Suppose it's your court case. You stand accused, and the only people who have control of you fate is a jury of your peers...
Except they were all sent home. Guess who's left.

Reactions: Agree 1


----------



## SENC (Feb 26, 2015)

Agre


Brink said:


> I don't understand, why does everyone want to get sent home?
> Granted, jury duty isn't a vacation, but there are far less pleasant things the government can send you to do.
> 
> Suppose it's your court case. You stand accused, and the only people who have control of you fate is a jury of your peers...
> Except they were all sent home. Guess who's left.


Agree in concept, but law abiding citizens (my peers) rarely stand accused.

Reactions: Agree 1


----------



## manbuckwal (Feb 26, 2015)

SENC said:


> Agre
> 
> Agree in concept, but law abiding citizens (my peers) rarely stand accused.




Except........Tony accusses you all the time


----------



## barry richardson (Feb 26, 2015)

Brink said:


> I don't understand, why does everyone want to get sent home?
> Granted, jury duty isn't a vacation, but there are far less pleasant things the government can send you to do.
> 
> Suppose it's your court case.

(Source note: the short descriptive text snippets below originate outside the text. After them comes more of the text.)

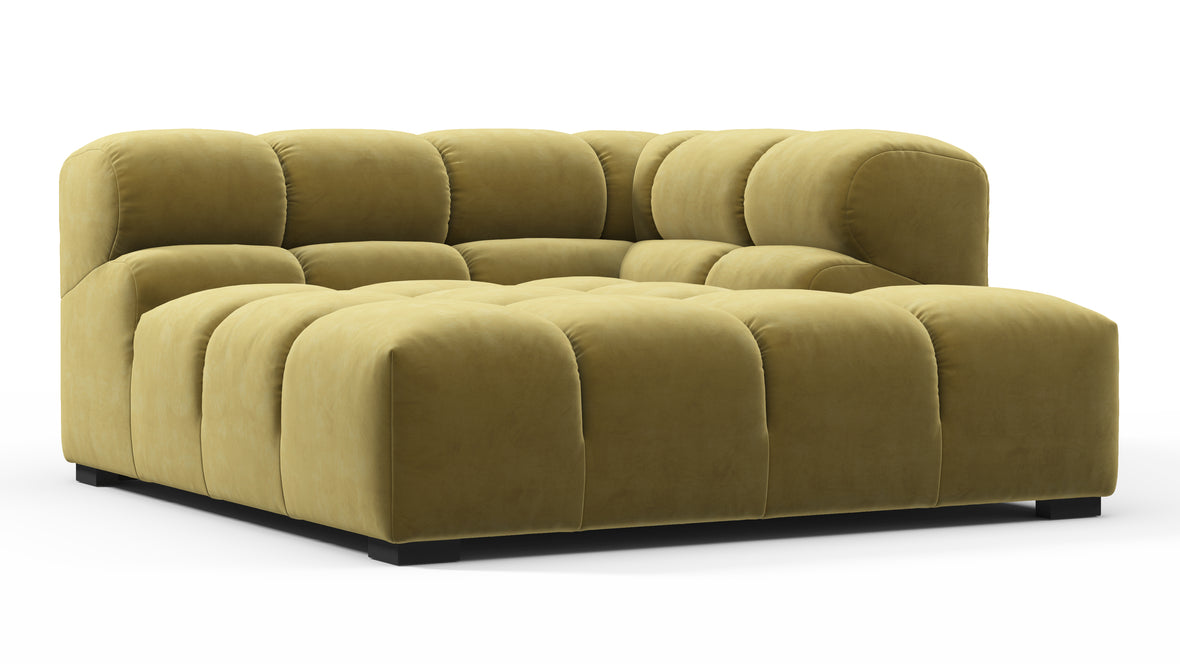 Tufty - Tufty Module, Deep Right Corner Half, Olive Gold Velvet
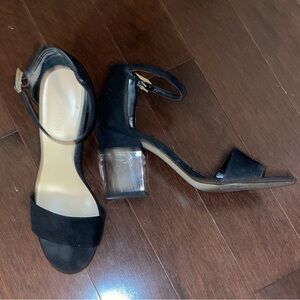 Elegant Black Ankle Strap Heels with Clear Block Heel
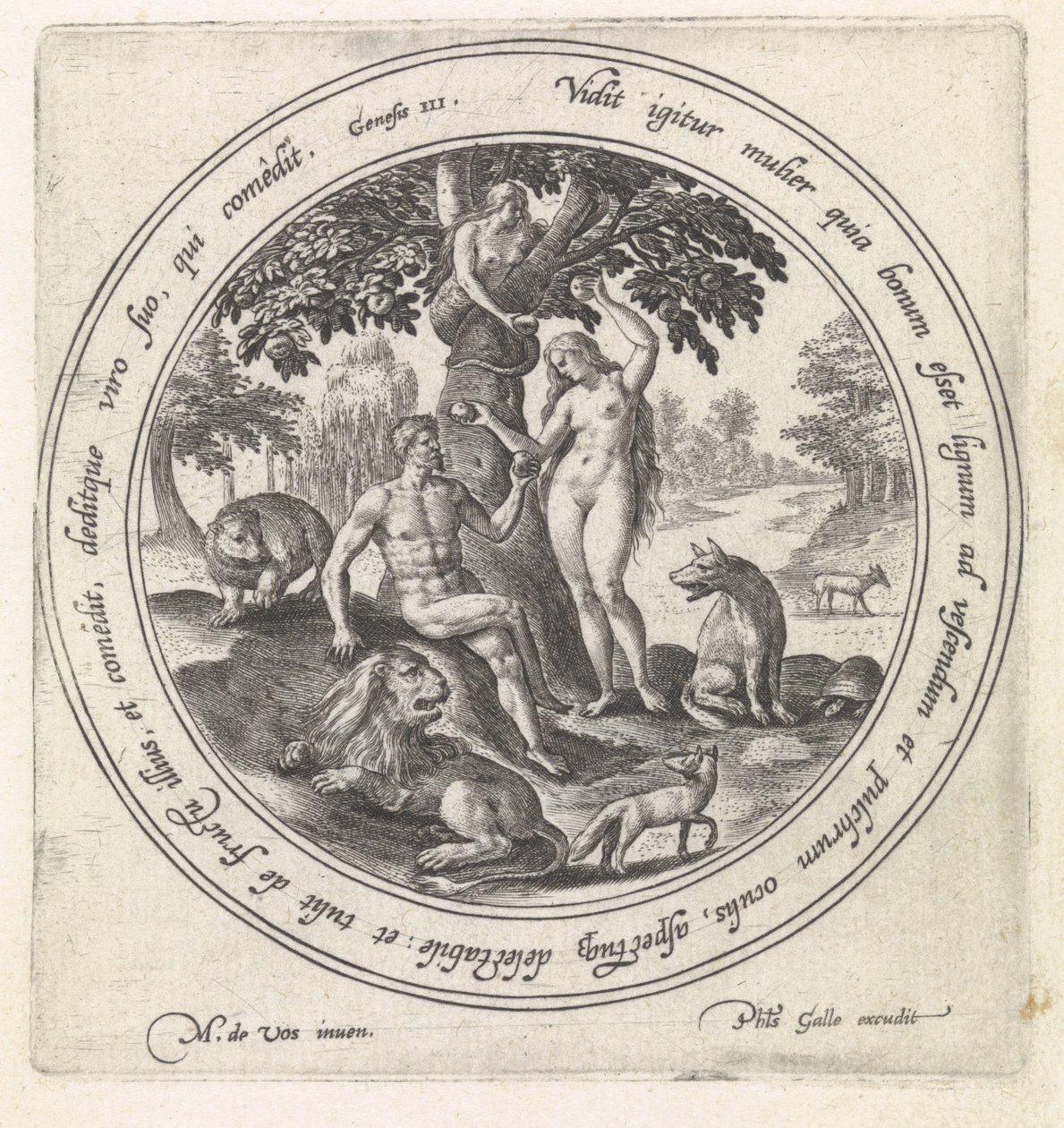 Eve Offering the Forbidden Fruit to Adam (History of Adam and Eve) by Maerten de Vos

You stand accused, and the only people who have control of you fate is a jury of your peers...
> Except they were all sent home. Guess who's left.


Didn't necessarily want to get sent home, it was going to be a very interesting case, the charges were armed robbery/rape and a couple of others. I just knew I was wasting my time cause based on my "world view" (Life is tough, it's tougher if your stupid) no defense attorney would have me...

Reactions: Agree 1


----------



## Schroedc (Feb 26, 2015)

I think my issue with jury trials is that instead of the straight up facts it always seems to come down to who can do the better job finding legal loopholes or interpretation as a way to get to the final outcome. I understand everyone is entitled to the best defense they can get but if it comes down to "Yes my client shot that dude but since the officer had his shoes tied in a manner that was inconsistent with the published policy manual so he shouldn't have been on patrol and therefore had no legal standing to arrest my client so you have to let him go" that's what drives me nuts.

Reactions: Agree 2


----------



## kweinert (Feb 26, 2015)




----------



## Kevin (Feb 26, 2015)

Schroedc said:


> I think the next time I get called for jury duty I'll just wear a mini skirt and heels and see how long they keep me there



Lawyers and politicians are cut from the same cloth. You wear that and you'll end up in a broom closet full of salivating wide-eyed attorneys. And Henry will be their leader.

Reactions: Funny 1


----------



## Kevin (Feb 26, 2015)

Schroedc said:


> I think my issue with jury trials



IMO the biggest issue with juries is that they have been dumbed down enough as citizens, they fail to realize that the judge is not god and what he says doesn't matter one iota. When both sides have given their closing argument (don't even get me started on that) the judge gives the jury "their instructions". He tells them his version of "the law" and the jury decides guilt or innocence based on the fact that were presented. But as you said the jury never gets to hear all the facts, but only what the judge has determined what should and shouldn't be submitted into evidence.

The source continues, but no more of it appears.